I No Longer Bow to the Fearsome Reputation of International Masters (Team Tournament 2013)

Jul 18, 2013, 12:00 PM |

This weekend I played in a big team tournament. You might have seen my earlier blog posting where I said I felt like my team was counting on me. Well I did ok, I guess. I wanted to win all my games, but things didn't exactly go the way I wanted to in my games.

In the first round I played a 1867 and I decided to play 1.d4 instead of my usual 1.e4. My opponent played the Queens Gambit Accepted and before I knew it I had an amazing position. I got a dream position and on the 21st move my opponent dropped his queen and resigned. An easy and crushing victory! My best game I have played in my life. Pretty much a flawless win.

In the second round I had black and faced an 1800. My opponent played an unusual opening and I should have spent more time figuring out a good plan. Instead I just was lazy and eventually traded queens. I might have had a slight edge in the resulting 4 knight ending but after Ke3 my evalutation of the postion changed and I thankfully was able to force an easy draw with the excellent move Nd7! which I was very happy that I found that nice idea over the board pretty easily. It turns out thought that I probably could have won as my opponent would have had to find some tough moves to hold a draw if I had not accepted his draw offer.

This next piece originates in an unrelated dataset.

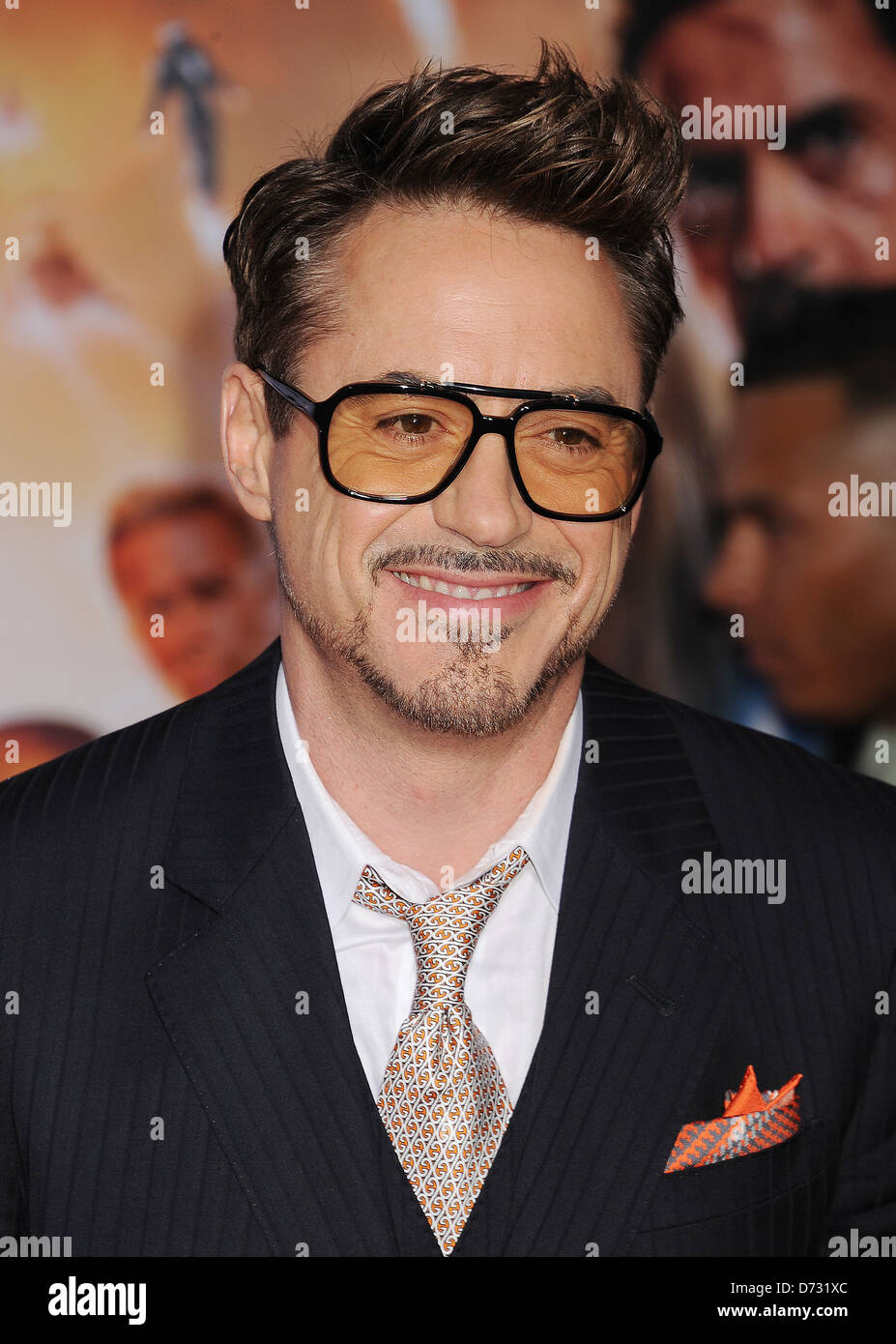BOBERT DOWNEY Jr. U.S. Filmschauspieler bei LA Premiere von Iron Man 3 im April 2013. Foto Jeffrey Mayer Stockfoto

 My team had a bye in the third round so I did not play in that round. In Round 4, I went over to check the pairing and saw that I was matched up against an International Master. Here was my reaction: YES! - All Right! (pumps fist). Serioulsly, I was excited to play an IM and to try to prove myself. One year before I had played him and basically came to the game to lose, not even trying to play because I "knew" I was going to lose anyway. Since then I have gained a lot of confidence and I resolved before the game to go after my opponent like a absolute monster Laughing. I did not fear his mighty reputation. And attack him I did, I went after him like a BEAST, no fear. We both played the opening fairly quickly until he played 12...h5 and 13...h4 after which I wasted an enormous amount of time on my clock looking for a knockout that wasn't there. During the game I was a bit surpised by his move 15...Qc7 which allowed my to do what I like to do best, sacrifice something. 16.Nd5!! was a insane but totally correct sacrifice which led to complications which totally confused both myself and my IM level opponent. I missed 17...0-0 (which actually isn't that good because it is castling into a heavy assualt) and my 18.Bxg6 wasn't as good as 18.f5. In fact myself and my opponent, Kustar, both hallucinated in a simple line missing the simple move 20...Qe8 in our calculations, we both thought even after the game during the post-mordem that if black took the bishop it was just checkmate, in fact it was probably a draw with accurate play, thus proving that IM's are humans like the rest of us non-masters. Instead my opponent played the blunder 18...Nc5 which should have led to him losing the game. Unfortunetly, I was in time pressure and had no time to really calculate stuff out thus leading to the horrible 21.Qd3? and the utterly repulsive 24.Qg6+??. After that it was easy for Kustar to wrap the game up without much trouble.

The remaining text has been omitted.